Many consumers may have already seen new refunds that were due them years ago.
IRS recently finished what it called “final corrections of tax year 2020” for people who overpaid taxes on the unemployment compensation they got in 2020.
About 12 million people nationwide owe $14.8 billion in refunds. The average refund is $1,232.
It’s not clear how many of those returns were from California residents. In 2020, 4.9 million California returns reported unemployment compensation. The state’s unemployment rate was more than 16% in the spring of 2020.
The refund confusion is the result of the federal American Rescue Plan Act of 2021, which became law in March 2021. It allowed people to exclude from their taxable income of up to $10,200 in 2020 if their income was less than a certain amount.
The problem came because many people filed their tax return before the provision became law.
So the IRS started looking over those filings, calculated how much tax people owed, and is sending eligible people refunds. In some cases it is applying the “found” money to other taxes due or other debts.
Affected taxpayers should receive a letter from the IRS explaining its action.
Tax refunds in 2023
The IRS in the recent past has had trouble keeping up with tax returns. Last year, about two-thirds of individual taxpayers were eligible for refunds, with the average amount about $3,200.
But Erin Collins, the National Taxpayer Advocate, reported this week that “the IRS failed to meet its responsibility to pay timely refunds to millions of taxpayers for the third year in a row.”

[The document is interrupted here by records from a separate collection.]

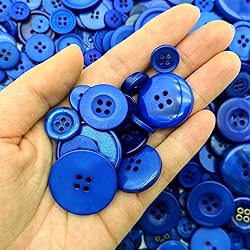 600-700Pcs Blue Buttons for Crafts Bulk Royal Blue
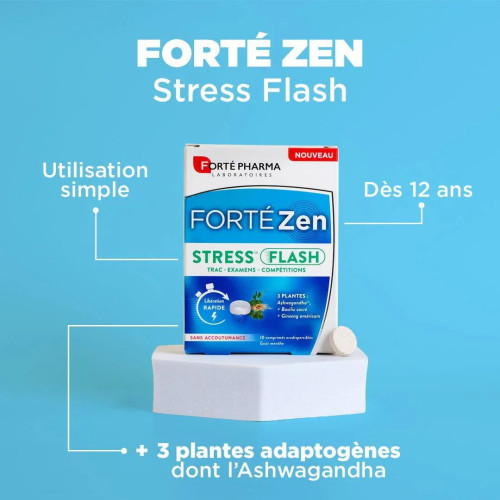 Forté Zen Stress Flash 10 Comprimés Orodispersibles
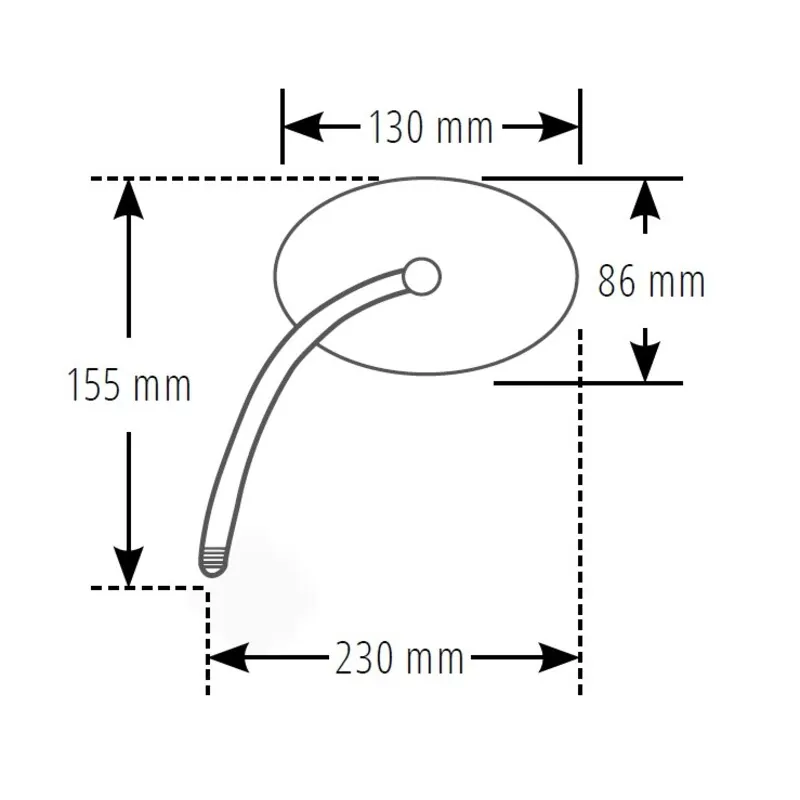 Lenkerspiegel Paar Highsider Booster 2 schwarz, Kunststoff, E-geprüft, M10x1.25
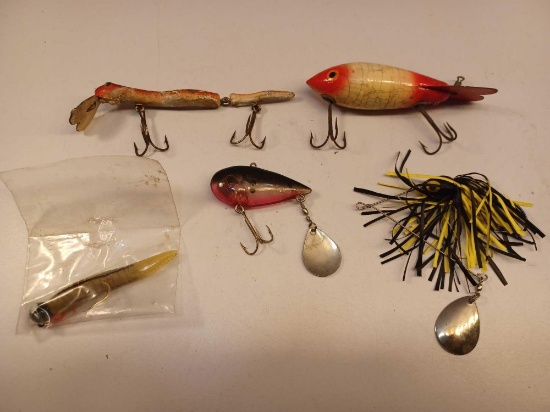 5 Vintage Fishing Lures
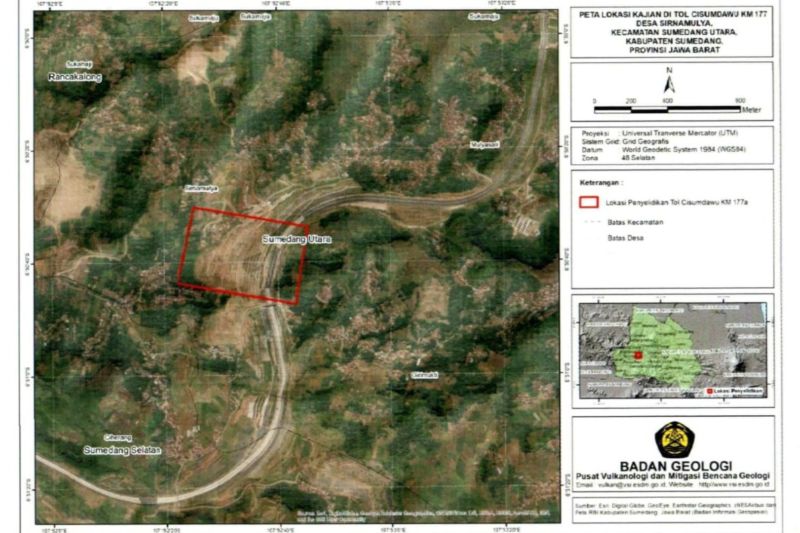 Badan Geologi: Mitigasi struktural antisipasi meluasnya pergerakan tanah Cisumdawu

She saw some reason for optimism in the future.
Her report said the IRS has received significant additional funding to increase consumer service staffing. It has hired 4,000 new customer service representatives, and it is aiming to hire another 700 people to provide in-person service at Taxpayer Assistance Centers.
Of course, that doesn’t mean the process will suddenly be more efficient.

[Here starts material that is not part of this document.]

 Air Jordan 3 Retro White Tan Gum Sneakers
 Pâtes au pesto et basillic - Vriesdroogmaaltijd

“Staff increases come with growing pains,” said Collins. “As new employees are added, they must be trained. For most jobs, the IRS does not maintain a separate cadre of instructors.”
That means veteran IRS employees have to be pulled away from their jobs to provide that training.

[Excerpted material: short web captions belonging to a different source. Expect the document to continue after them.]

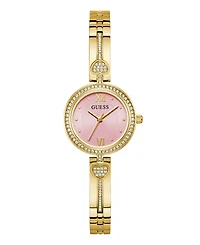Guess Women's Quartz Gold-Tone Stainless Steel Watch 27mm
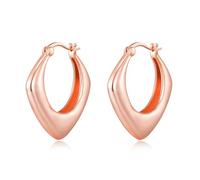 Philip Jones Rose Gold Plated Chunky Hoop Earrings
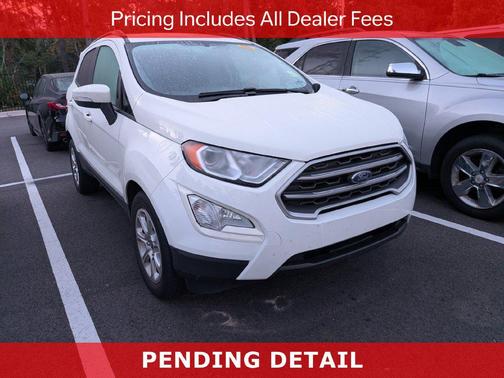 Diamond White 2021 Ford EcoSport SE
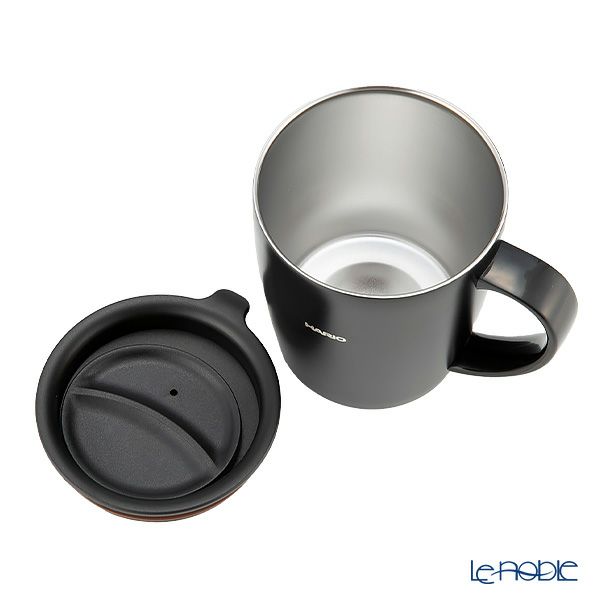 ハリオ フタ付き保温マグ300 SMF-300-B 実用容量300ml ブラック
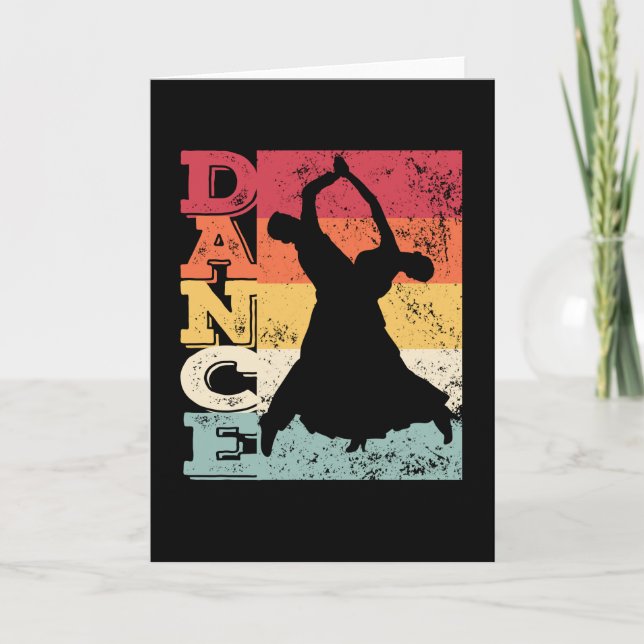 Carte Danse Standard Couple Couple Renard Lent (Devant)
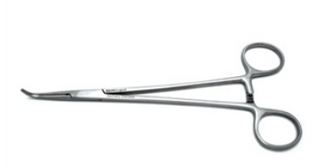 Gemini-Mixter Delicate Forceps w Full Curved Jaws : 7 inches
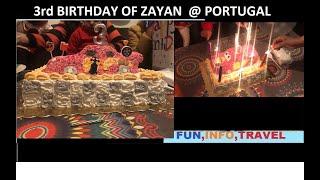 (FUN) 3rd BIRTHDAY OF LITTLE ZAYAN IN ODIVELAS FAMILY PARTY @ PORTUGAL (FIT)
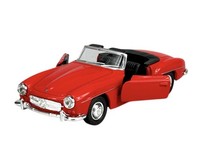Welly Old Timer 1955 MERCEDES-BENZ 190SL W121 Rot 1:34 Die Cast Metal New In Box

“In the short run, that may mean that fewer employees are assisting taxpayers, particularly experienced employees who are likely to be the most effective trainers,” Collins said.
The IRS has become a favorite target of House Republicans, who on Monday voted to dramatically cut IRS funding. They maintained that it would be used to unleash an army of thousands of IRS agents who would target middle class taxpayers by scrutinizing their tax filings too closely.
The bill, though, is likely to go nowhere in the Democratic-run Senate.